Despite being in the same “normal” range as the overwhelming majority of penis owners, it didn’t take sitting in Elist’s clinic to make me wonder what life would be like if I was sporting a penis thicker than my wrist. “I wouldn’t advise somebody get a penile prosthesis of this type,” says New York City-based plastic surgeon Andrew Jacono, when I press him for his take. Though Jacono says that he wasn’t very familiar with the Penuma, he asserts that because this is fairly new—the first Penuma recipient got his just 14 years ago—the longer term risks are unknown. “Erectile dysfunction and a loss of sensitivity could be among these risks,” he says.

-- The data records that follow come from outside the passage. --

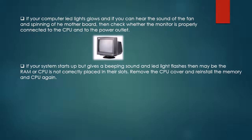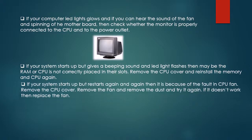If your system starts up but gives a beeping sound and LED light flashes, then maybe the RAM or CPU is not correctly placed in their slots. Remove the CPU cover and reinstall the memory and CPU again.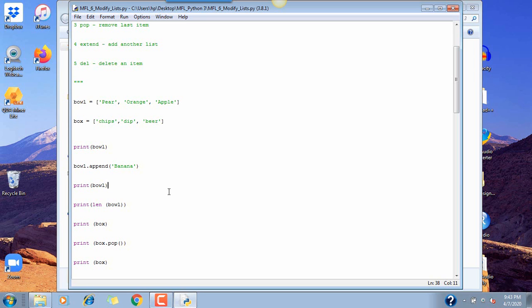Then if we want to check out the length we can print the length of the list. The index is four — one, two, three, four — and we can print that.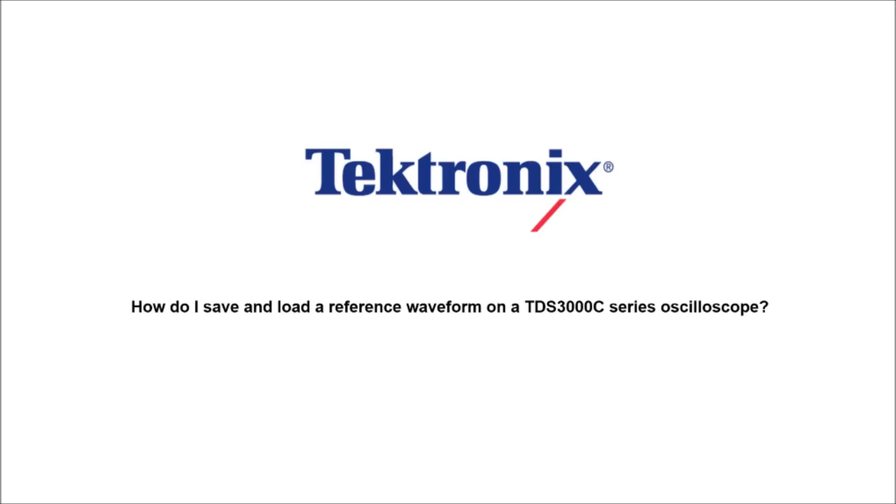Hello, and welcome to Tektronix. Today we're going to talk about how to save and load a reference waveform on a TDS 3000 series oscilloscope.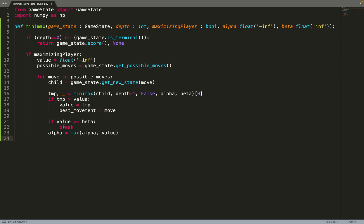So we can break and then we can update alpha. Alpha is equal to the maximum value between the current value of alpha and the value that is updated at each loop. So this is when you are maximizing.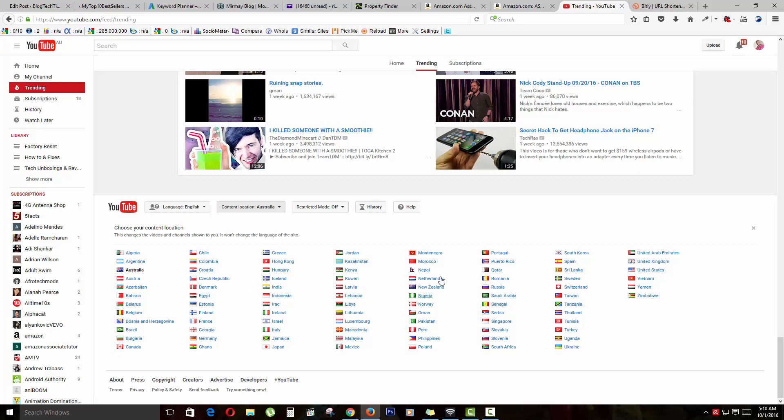It says here that you choose your content location. This changes the videos and channels shown to you, but it won't change the language of the site. So this has nothing to do with the language—it just shows you the type of content you want to see.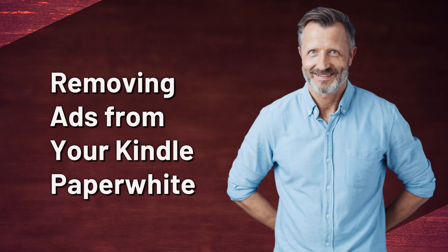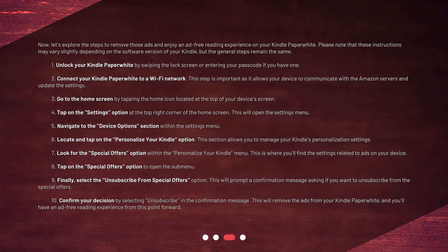Removing ads from your Kindle Paperwhite. Now, let's explore the steps to remove those ads and enjoy an ad-free reading experience on your Kindle Paperwhite. Please note that these instructions may vary slightly depending on the software version of your Kindle, but the general steps remain the same.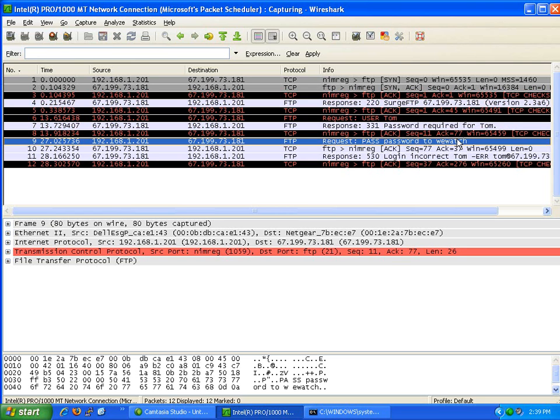You probably wouldn't even notice it was doing anything until you go to upload files to your website. Once you do, it records your username and password and sends it to the hacker.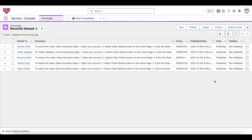Hello everyone. In this video we are going to see how to make use of Salesforce Einstein GPT for drafting email. If you want your Salesforce agents or reps to make use of Salesforce Einstein GPT service for drafting their email response, then the first step is as follows.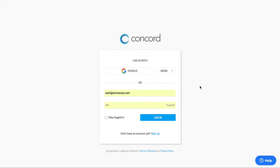I'm excited to show you the Concord Contract Lifecycle Management Tool. Concord is a cloud-based solution that is hosted by AWS and we have the highest levels of security within Concord because we're dealing with your company's most sensitive documents.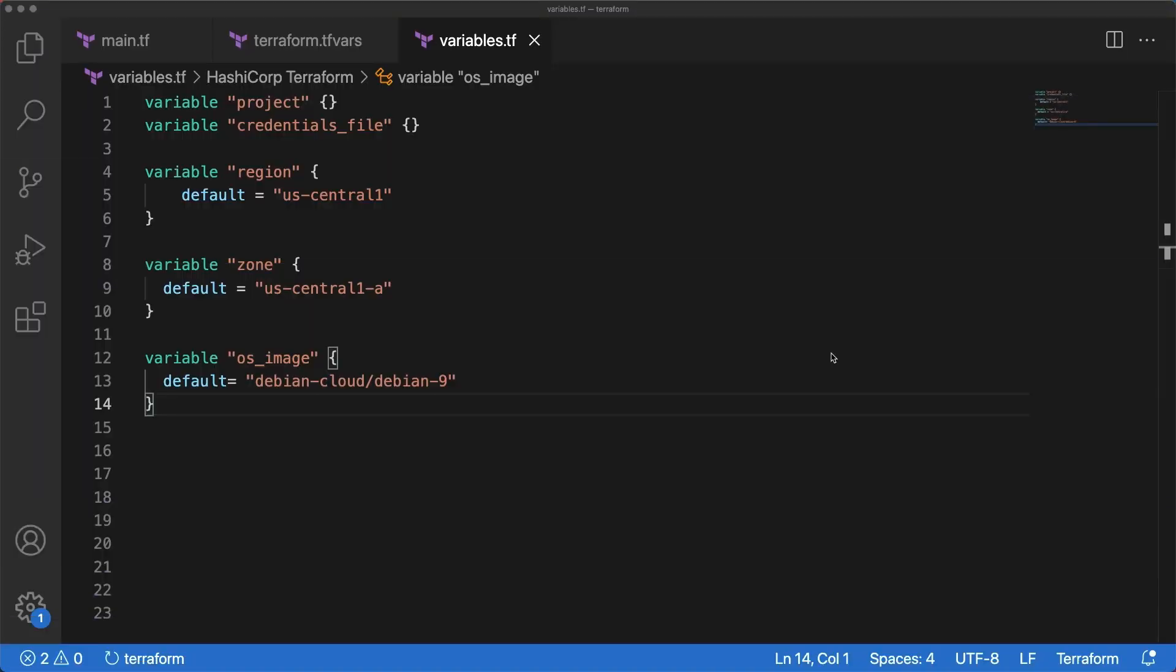Hello friends! In the last video, we saw what input variables are and three different ways to define them. We also used the default argument and saw that a variable defined with a default argument is considered optional, and the default value would be used if no value is set in variable files, CLI arguments, or environment variables. But there is more to it.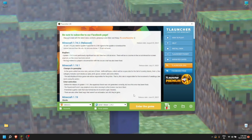Hello everyone. In this video I'm going to tell you how to download WorldEdit for your TLauncher in version 1.19.2. You can download it for basically any version you want, but I'm going to show you how to download it on 1.19.2 — the steps are basically the same.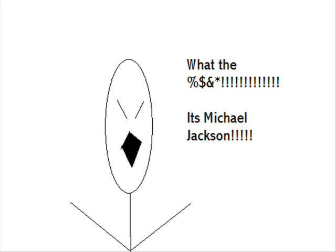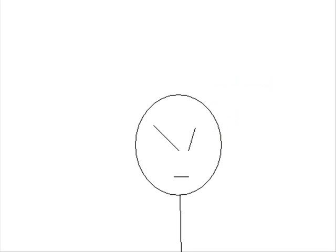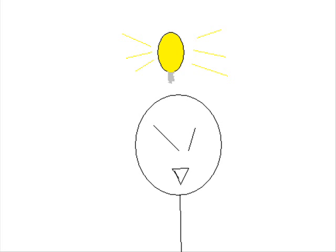What the? It's Michael Jackson. I need a plan to defeat him. So what should it be? I've got it. I can catch him with a Pokeball.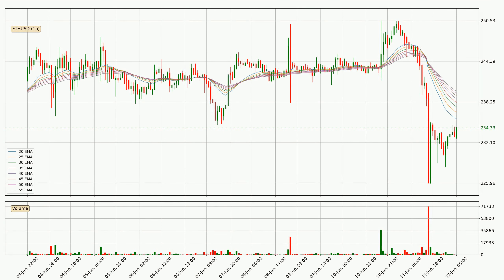Moving to the hourly exponential moving averages, the current price is below the hourly ribbon, which is generally bearish and the ribbon could play as a resistance, so it is to watch if the price will bounce off it or break it. The current price to watch is around 240. The resistance should be relatively strong seeing as the ribbon is spread out.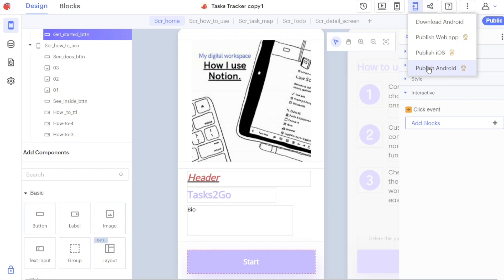If you want to publish your app for Android devices, you can select the Download Android option. This will enable you to download an Android installation file of your app, which can be installed and used on Android smartphones and tablets.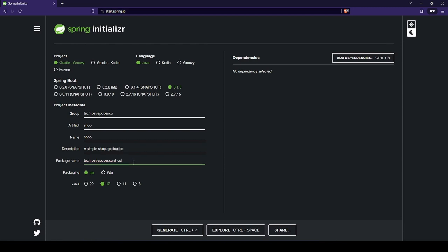Yeah, sorry for the mistakes. And let's select how we want our application to get packaged. We have Java and the Java version. 17 is the right version for now. We can use 20 if you feel, but I prefer 17.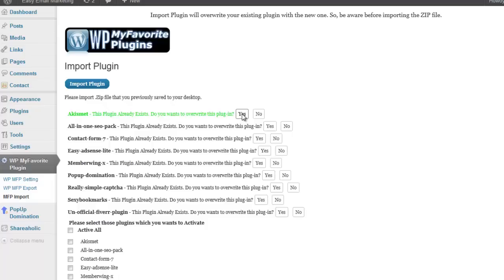Clicking yes will turn the line green. Clicking no will turn the line red. This is just so that you can see what you have chosen to overwrite and hopefully avoid any accidental deletions.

Elist maintains that so far, no loss of sensation has been reported and that around 95 percent of operations are successful. Complications that arise in the 5 percent, he tells me, often arise from patients not following post operative care guidelines. And those complications generally include infection and damage from trying to have sex too soon after the operation.
It’s understandable that you’d want to play with your new toy ASAP, but Elist recommends exercising patience while dissolvable sutures break down and what he calls a “capsule” forms between the skin and the prosthesis. This capsule both holds the prosthesis in place and makes its presence less detectable to the touch over time. He recommends six to eight weeks of down time.
“Painful erections are quite common for the first few weeks,” Elist says, explaining that new patients are prone to waking up at night, every 90 minutes, as their engorged penises tug on the new sutures anchoring the Penuma in place.
Elist, who performs his procedure for $15,000 on patients from around the world, has recently struck a deal with a distributor that will enable other urologists to lighten his workload. “I’ve been doing this for 14 years and we’re now in a place where the outcomes are consistent,” he says. At this point, he’s comfortable with other highly qualified urologists performing the procedure under his tutelage.
While I really do love my penis and would hate anything to happen to it, I have to admit that I am rather tantalized by the prospect of having a penis that is 2” bigger around and quite possibly a little longer too. My girlfriend, however, is less enthused at the prospect. The six-to-eight week sex strike aside, she’s concerned that a change in the size and shape of my penis might not feel as good as the two hands I was dealt. In a way, it’s almost enough to know that, should I ever feel the an overwhelming urge for my pump to be plumped, I have the option.
Correction: A previous version of this article is titled There's an Implant to Make Penises Thicker, Lot Longer. The current title reflects a correction to the inaccuracy that this implant does not increase the length of a penis, which it often does.